(What to do):
I'd like the entries repeated exactly, pictures omitted.

(Provided records):
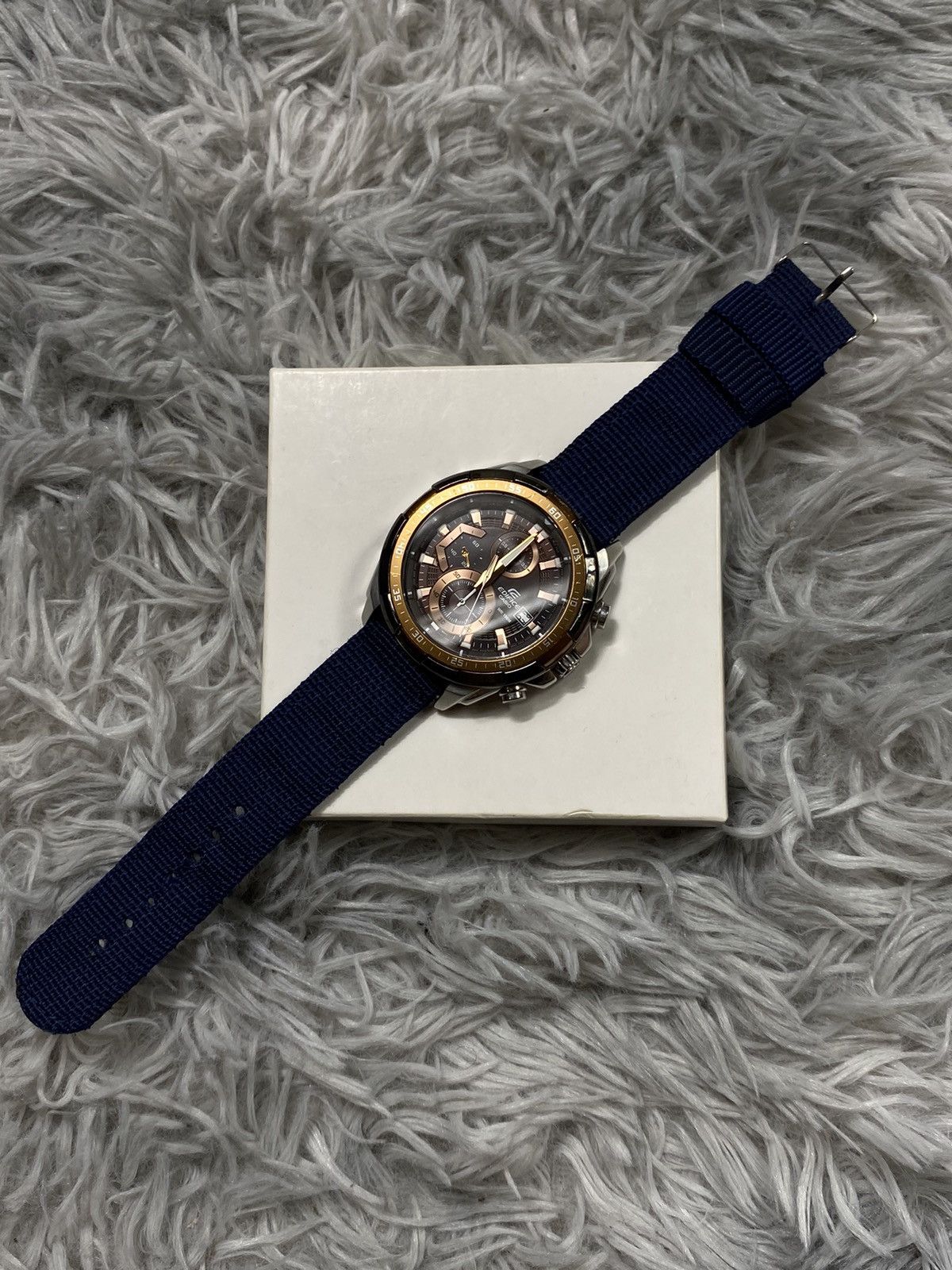 Casio × Edifice Japan × Japanese Brand Casio Edifice Copper Dial, Blue Strap – Japanese Brand Size ONE SIZE - 4 Thumbnail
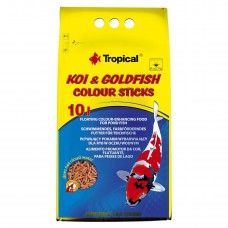 Сухой корм для прудовых рыб Tropical в палочках «Koi & Goldfish Colour Sticks» 10 л (для всех прудовых рыб)
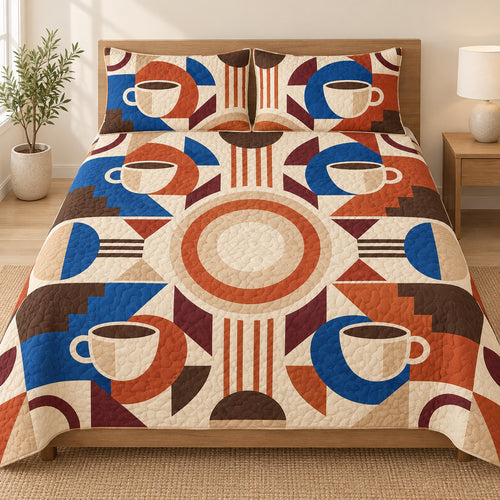 Latte Prism Cadence Bedding Set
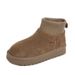 Women's Snow 2025 New Winter Fleece Lined Thickened Warm Northeastern Cotton Shoes Thick Sole Sock Short Boots Loafers_vogvips.com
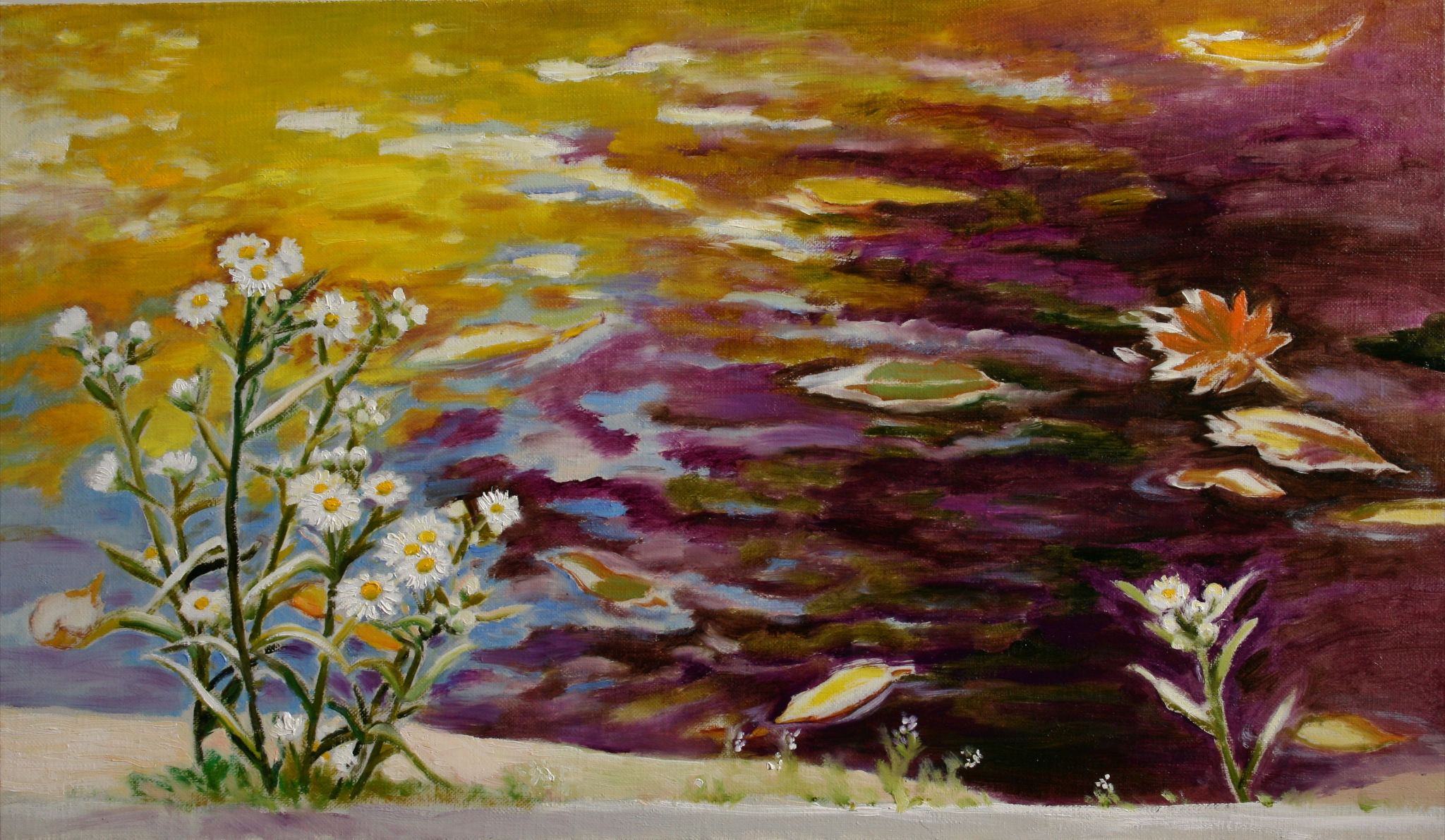 이중주-8, 50x60cm, Oil on canvas, 2012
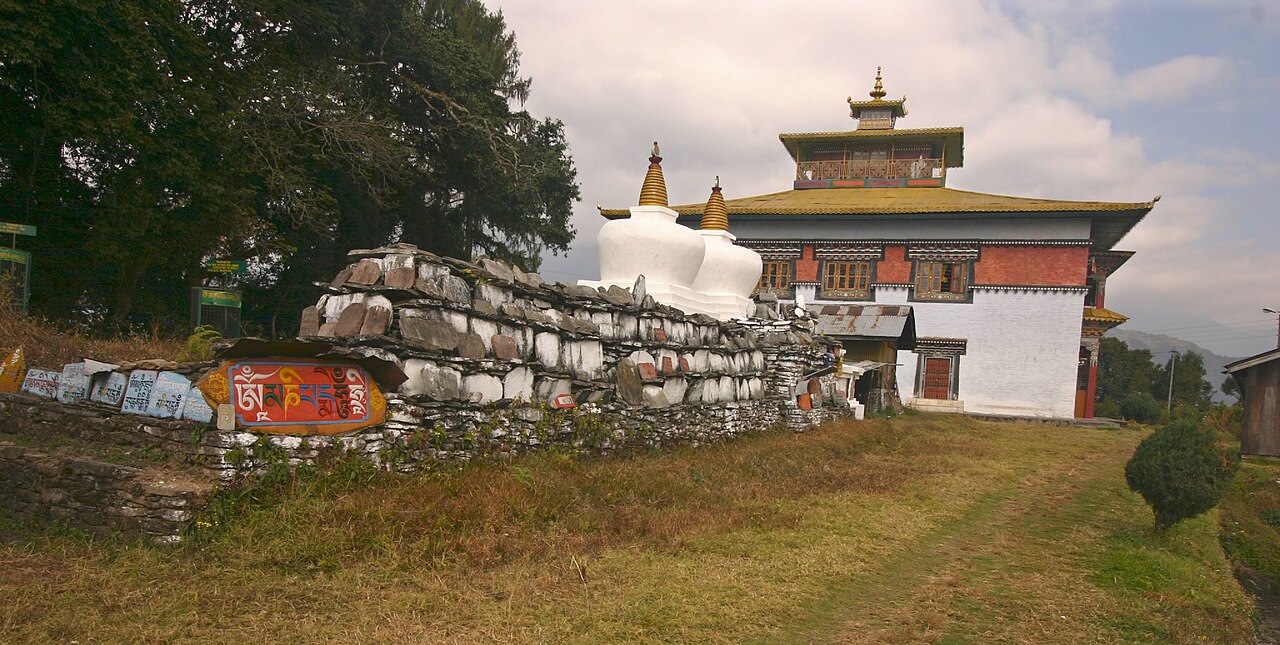 Mani stone slabs outside Tashiding Monastery.jpg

(Reply):
 Casio × Edifice Japan × Japanese Brand Casio Edifice Copper Dial, Blue Strap – Japanese Brand Size ONE SIZE - 4 Thumbnail
 Сухой корм для прудовых рыб Tropical в палочках «Koi & Goldfish Colour Sticks» 10 л (для всех прудовых рыб)
 Latte Prism Cadence Bedding Set
 Women's Snow 2025 New Winter Fleece Lined Thickened Warm Northeastern Cotton Shoes Thick Sole Sock Short Boots Loafers_vogvips.com
 이중주-8, 50x60cm, Oil on canvas, 2012
 Mani stone slabs outside Tashiding Monastery.jpg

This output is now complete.